On July 29, the league announced through their Facebook page that the games were postponed due to the implementation of the highest quarantine restriction (Enhanced Community Quarantine) in Metro Manila beginning on August 6. The season resumed on September 18 after quarantine restrictions in Metro Manila eased up.

==Teams==
A total of five teams confirmed participation for the 2021 season 17 teams applied to join the inaugural season of the WNBL as a professional league which were screened mainly on their financial capability. Only four teams were accepted as participants for the inaugural professional season, with one more team joining the WNBL only after the conclusion of the 2021 draft, the Taguig Lady Generals.

| Team |
|---|
| Parañaque Lady Aces |
| Pacific Water Queens |
| Glutagence Glow Boosters |
| Quezon Lady Spartan |
| Taguig Lady Generals |

==Venue==
Due to the COVID-19 pandemic in Metro Manila, the season was played in Bren Z. Guiao Convention Center in Pampanga, in a closed-circuit format, behind closed doors.

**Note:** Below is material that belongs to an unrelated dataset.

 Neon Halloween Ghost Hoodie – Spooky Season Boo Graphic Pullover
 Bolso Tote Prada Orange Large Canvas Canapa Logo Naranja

| San Fernando, Pampanga | Bren Z. Guiao Convention Center |
Bren Z. Guiao Convention Center

==Format==
The following format will be observed for the duration of the season:
- Double-round robin eliminations; 10 games per team; Teams are then seeded by basis on win–loss records.
- Top four teams will advance to the semifinals.
- Semifinals:
  - SF1: #1 vs #4 (best-of-three)
  - SF2: #2 vs #3 (best-of-three)
- Finals (best-of-3 series)
  - F1: SF1 Winner vs SF2 Winner

==Elimination round==
===Team standings===

| Pos | Teamv; t; e; | W | L | PCT | GB | Qualification |
| 1 | Parañaque Lady Aces | 8 | 0 | 1.000 | — | Best-of-three semifinals |
| 2 | Taguig Lady Generals | 4 | 4 | .500 | 4 |
| 3 | Glutagence Glow Boosters | 4 | 4 | .500 | 4 |
| 4 | Quezon Lady Spartan | 2 | 6 | .250 | 6 |
| 5 | Pacific Water Queens | 2 | 6 | .250 | 6 |  |

===Schedule===

|  | Round 1 |  |  |  | Round 2 |  |  |  |
|---|---|---|---|---|---|---|---|---|
| Team ╲ Game | 1 | 2 | 3 | 4 | 5 | 6 | 7 | 8 |
| Glutagence Glow Boosters | PWQ | QLS | PLA | TLG | QLS | PWQ | TLG | PLA |
| Pacific Water Queens | GGB | PLA | TLG | QLS | GGB | PLA | TLG | QLS |
| Parañaque Lady Aces | PWQ | TLG | GGB | QLS | PWQ | TLG | QLS | GGB |
| Quezon Lady Spartan | GGB | TLG | PWQ | PLA | GGB | PWQ | PLA | TLG |
| Taguig Lady Generals | PWQ | PLA | QLS | GGB | PWQ | PLA | GGB | QLS |

===Results===

| Teams | GGB | PWQ | PLA | QLS | TLG |
|---|---|---|---|---|---|
| Glutagence Glow Boosters | — | 72–55 | 67–76 | 59–50 | 65–59 |
| Pacific Water Queens | 71–61 | — | 56–85 | 54–69 | 42–60 |
| Parañaque Lady Aces | 68–52 | 76–35 | — | 68–48 | 58–37 |
| Quezon Lady Spartan | 60–75 | 66–76 | 49–69 | — | 50–58 |
| Taguig Lady Generals | 68–51 | 43–34 | 49–63 | 59–72 | — |

==Playoffs==

===Semifinals===

==== (2) Taguig vs (3) Glutagence ====

Glutagence have forfeited Game 3 of their semifinals series against Taguig after the league have decided to terminate the Glow Boosters' franchise for failure to settle their franchise fee.